D’altra parte anche le considerazioni del documento americano erano
state in gran parte anticipate nelle precedenti esternazioni di Trump
(e di Vance); peraltro, diversamente da quello che il Presidente USA
afferma urbi et orbi,
ossia tutto e il contrario di tutto a giorni alterni, il pensiero
sull’Europa è stabile e immutato.
I punti essenziali del
quale sono di seguito
riepilogati.
1) “L’Europa
continentale sta perdendo quota nell’economia globale: è scesa dal
25% del PIL mondiale nel 1990 al 14% attuale — in parte a causa di
regolamentazioni nazionali e sovranazionali che soffocano creatività
e spirito d’iniziativa.
Ma questo declino economico è superato da una prospettiva ancor più
grave: quella della cancellazione civile”

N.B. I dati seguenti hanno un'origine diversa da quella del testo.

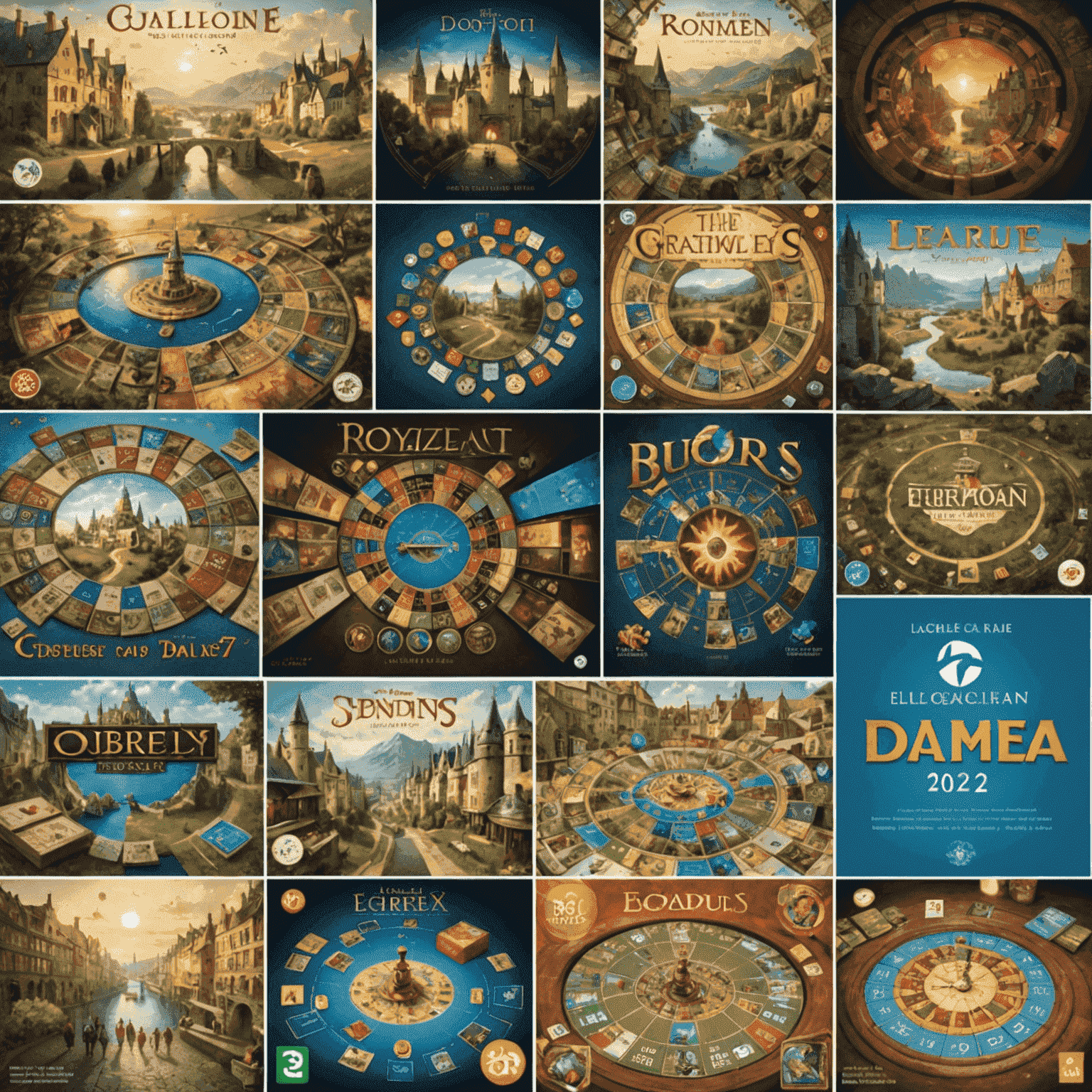 2024'ün en iyi 10 Avrupa masa oyununu gösteren kolaj. Oyun kutuları, oyun tahtaları ve oyun parçalarının görüntüleri.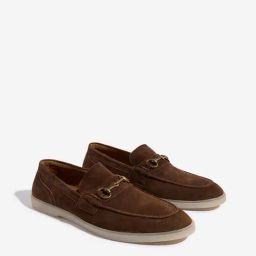 SOLEPLAY by Westside Brown Metal-Detailed Faux-Suede Loafers-image-31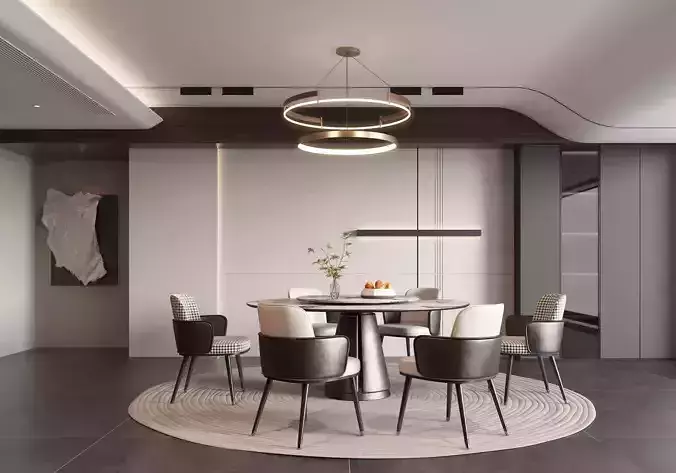 Modern Luxury Dining Room Circular Chandelier Mixed Chairs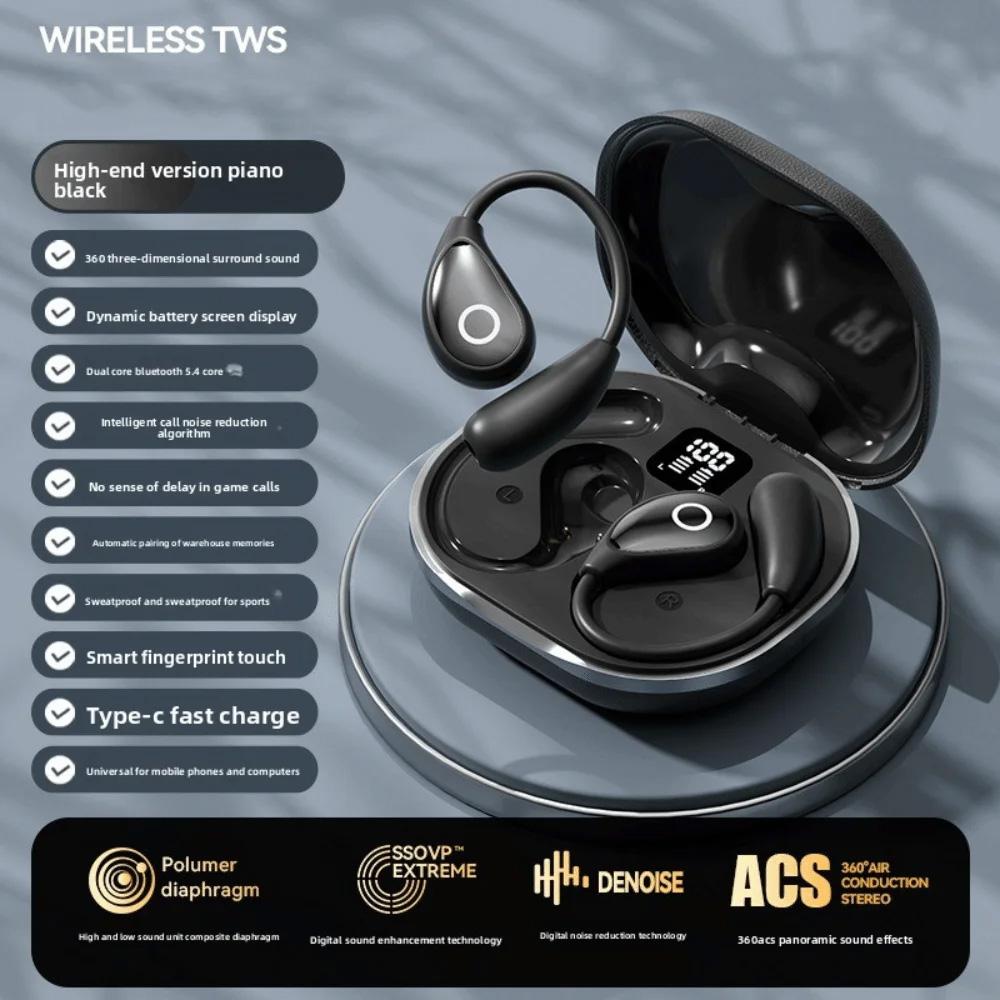 Kids Air Conduction Wireless Headphones Open Ear Bluetooth 5.4 Stereo Music Headset with Microphone Touch Control Earphones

e questo perché l’attività
dell’U.E. e di altri organismi internazionali…” conculcano
la libertà politica e la
sovranità; ed adottano
“politiche migratorie che
stanno trasformando il continente e creando
conflitti; censura della
libertà di espressione e repressione dell’opposizione politica;
crollo dei tassi di natalità; perdita delle identità nazionali e
della fiducia in sé stessi.
Se le tendenze attuali
proseguiranno, il continente sarà irriconoscibile in 20 anni o
meno”.
2) Il Presidente
afferma di volere “che l’Europa rimanga europea, che
ritrovi fiducia civile e abbandoni il suo fallimentare modello di
soffocamento regolatorio”. Poi un’altra considerazione
realistica “Gli alleati europei godono di un significativo
vantaggio in termini di hard power rispetto alla Russia in
quasi tutte le misurazioni, tranne che nelle armi nucleari”, perciò
l’Europa gode di un vantaggio che dovrebbe impedire o almeno
ridimensionare le (pretese) velleità egemoniche di Putin, se ne
deduce.
3) “L’amministrazione
Trump si trova in contrasto con funzionari europei che nutrono
aspettative irrealistiche sulla guerra e governano in
maggioranze instabili, molte delle quali calpestano principi
democratici fondamentali per reprimere l’opposizione. Una larga
maggioranza degli europei vuole la pace, ma questo desiderio non si
traduce in politiche concrete, in larga parte a causa della
sovversione dei processi democratici da parte di questi governi”.
4) Tuttavia “l’Europa
rimane strategicamente e culturalmente vitale per gli Stati Uniti.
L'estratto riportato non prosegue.